SPetty wrote:Today I learned that a quarter pound stick of butter (4 ounces) is a half cup (8 ounces) when measuring by volume. What's kind of boggling about it is that you consider butter to be a fairly dense food (solids are more densely packed than liquids, right?), yet it weighs less than an equal amount of water?
Indeed, butter floats which means it is lighter than water, but still the numbers do not seem to match.tollbaby wrote:fat is lighter than water... that's why it floats
One quater pound (453.6/4) = 113.4 grams of butter of density .911 is 124.5 mLs.

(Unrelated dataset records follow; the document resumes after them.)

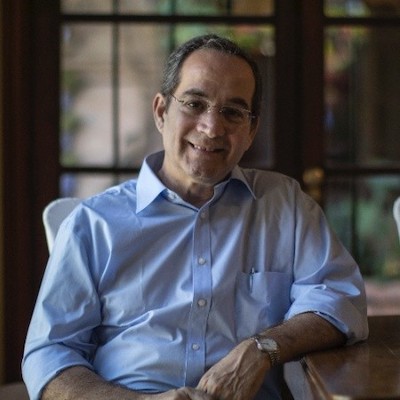 Portrait photograph of Martín Burt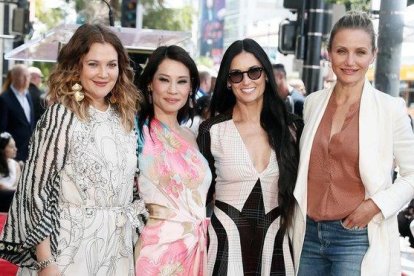 Drew Barrimore, Lucy Liu, Demi Moore y Cameron Diaz, en el paseo de la Fama.-EFE / ETIENNE LAURENT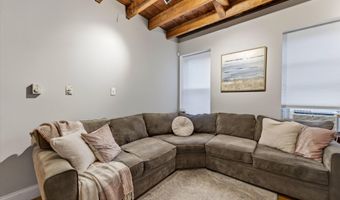 82 Dove St, Albany, NY 12210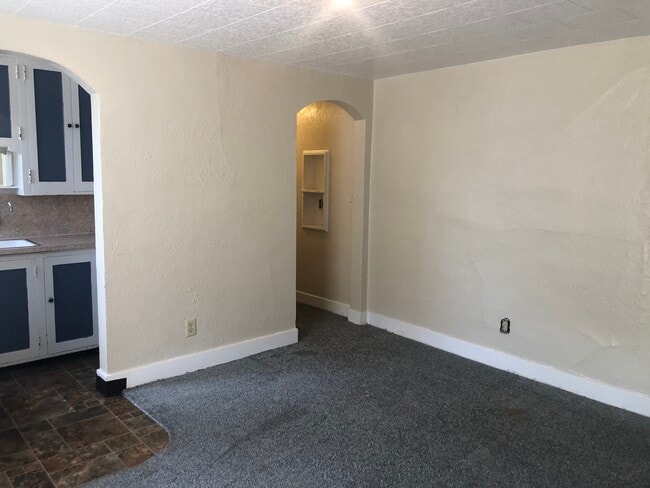 Building Photo - 610 NE Maiden Ln Unit 3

A fluid ounce is 29.57 mLs (so a fluid ounce of water weighs more than one ounce=28.35 g) so the volume of a quater pound of butter should be only 4.2 fluid ounces, more than 4 certainly, but still far from 8.
Although there is such things as a "dry quart" and a "dry pint" there is no "dry ounce".
But since a dry pint is 550.6 mL, the volume of one quater pound is 0.226 "dry pint" thus less than a quater "dry pint", while 4.2 fluid ounces are more than the quater of a (fluid) pint of 16 fl oz.
Do not always assume solids are less packed than liquids. Most usual metals (iron, copper, zinc, to say nothing of aluminum, of course) float on mercury. Gold, on the other hand, would sink... until it is attacked by the mercury to form amalgam.